Curious to hear input from people who have mod powers on this. What makes the most sense? To mod this bot, or to have the bot point out posts and comments, maybe have the bot reply to tracking links publicly... or something else entirely?
Superb post, ty. Does InsidiousTrackers not provide a comment removal reason though? Just checked the modlog and I think it should show "reason: tracking" or smth.
Just thought it was weird seeing a buncha
removed comment
without a "reason" field =)
Can hexbear be made to automatically strip tracking from links?
So if I give someone a tiktok link even if I delete the ? and everything past it, do I still get doxxed? I just have this feeling like I do.
You just want to avoid sharing the URLs that are formatted
www.ticktok.com/t/abcd12rfd
, as well as the ones that have a?
in them. See my post: On Sharing TikTok Videos.I will check this out. That makes sense and is crystal clear. Thank you!
if the link is just www.tiktok.com/@username/video/numbers without a ? the url doesn’t have tracking. if it’s the vm.tiktok ones can either open in a browser to get www. version or use a site like urlex.org to get the www. link then remove the ? and everything after. (also works on the tracking reddit links)
I found a YouTube link in your comment. Here are links to the same video on alternative frontends that protect your privacy:
I encourage everyone to check this android app that helps cleaning links
https://f-droid.org/packages/com.trianguloy.urlchecker/
Some people here are terrible with link hygiene, but people irl are so much worse
Please don't have a bot DM me. That's very annoying.

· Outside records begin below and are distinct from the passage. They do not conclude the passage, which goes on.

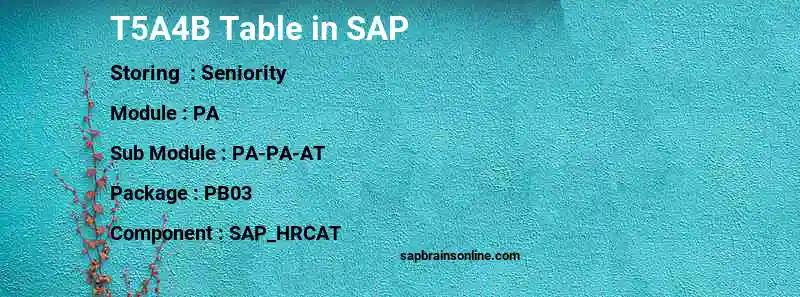 SAP T5A4B table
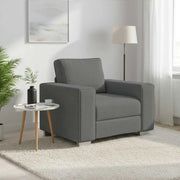 Divano-Sofa-Divanetto Grigio scuro 100 x 77 x 82 cm Tessuto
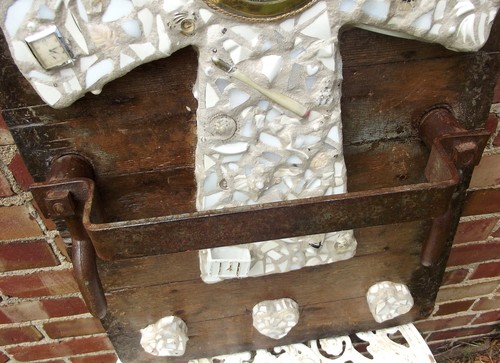 Large Cross Wall Art Sculpture Mixed Media Inspirational Barnwood Decor Vintage - Picture 7 of 12
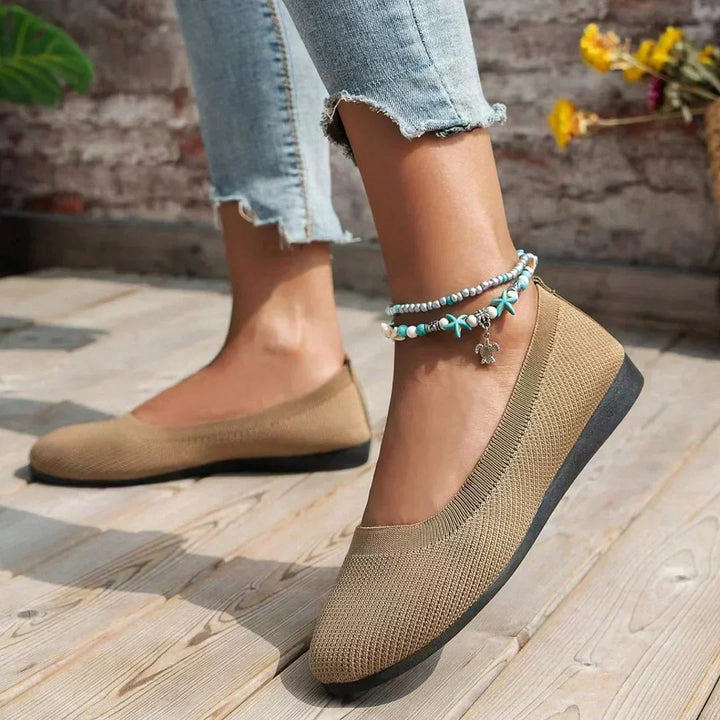 Chaussures plates respirantes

I get that there's some technical challenges that would need to be solved for those tracking links to be stripped out by lemmy itself but I'm just annoyed by a saying uhhhh excuse me you used a youtube link instead of some dodgy YouTube frontend that will disappear in a year, or how dare you use a twitter link instead of some twitter proxy that will shut down in 3 months.
Like why not spend the coding time actually fixing the issue instead of just annoying people
It's not about a frontend, we have that already in HexReplyBot. It's about removing a parameter tacked on at the end in your YouTube/Instagram/TikTok links.
It's the same technique. A bot that just replies with 'oh sweaty you should have done something different'
One complains about YouTube or X links and other complains about tracking info in URLs.
It's annoying and instead there should be code in Lemmy that does the URL sanitizing
I agree with you. Seems like there's an active issue in Lemmy for this, so it'll get implemented eventually. Then it'll take a while for Hexbear to update.
Sharing the wrong TikTok link can and has doxed users before, and some users have unsafe living situations if they got doxed.
uhhhh excuse me you used a youtube link instead of some dodgy YouTube frontend that will disappear in a year
You fundamentally do not understand what this post is talking about.
Comrade, operational security is what this post is about, not anticapitalist frontends for media services. TikTok will dox you if you are not careful.